Roe-based meze common to Turkey and Greece

Taramasalata or taramosalata (ταραμοσαλάτα; From taramás 'fish roe' < ταραμάς + Greek: saláta 'salad') is a meze made from tarama, the salted and cured roe (colloquially referred to as caviar) of the cod, carp, or grey mullet (bottarga), mixed with olive oil, lemon juice, and a starchy base of bread or potatoes, or sometimes almonds.

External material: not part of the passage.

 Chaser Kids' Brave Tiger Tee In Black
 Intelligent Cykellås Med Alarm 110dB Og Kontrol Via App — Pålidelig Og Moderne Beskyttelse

Traditionally the dish is made with a pestle and mortar, giving a slightly grainy texture, but commercial taramasalata is usually very smooth.

Taramasalata is usually served as a meze, often with ouzo, as a spread on bread. The colour can vary from creamy beige to pink, depending on the type of roe and colourings used. Most taramasalata sold commercially is dyed pink, but high-quality taramasalata is beige.

In Greece, taramasalata is often served on Clean Monday (Καθαρά Δευτέρα, Kathará Deftéra), the first day of Great Lent, with onions and lemon.

==Etymology and origins==
The word comes from the Greek ταραμάς (roe), a borrowing from Ottoman Turkish tarama, itself a borrowing from Middle Persian. Normally, tarama is the salted roe itself, but sometimes the prepared dish is also called tarama. The spelling taramosalata reflects the Greek, but in English the a spelling is common.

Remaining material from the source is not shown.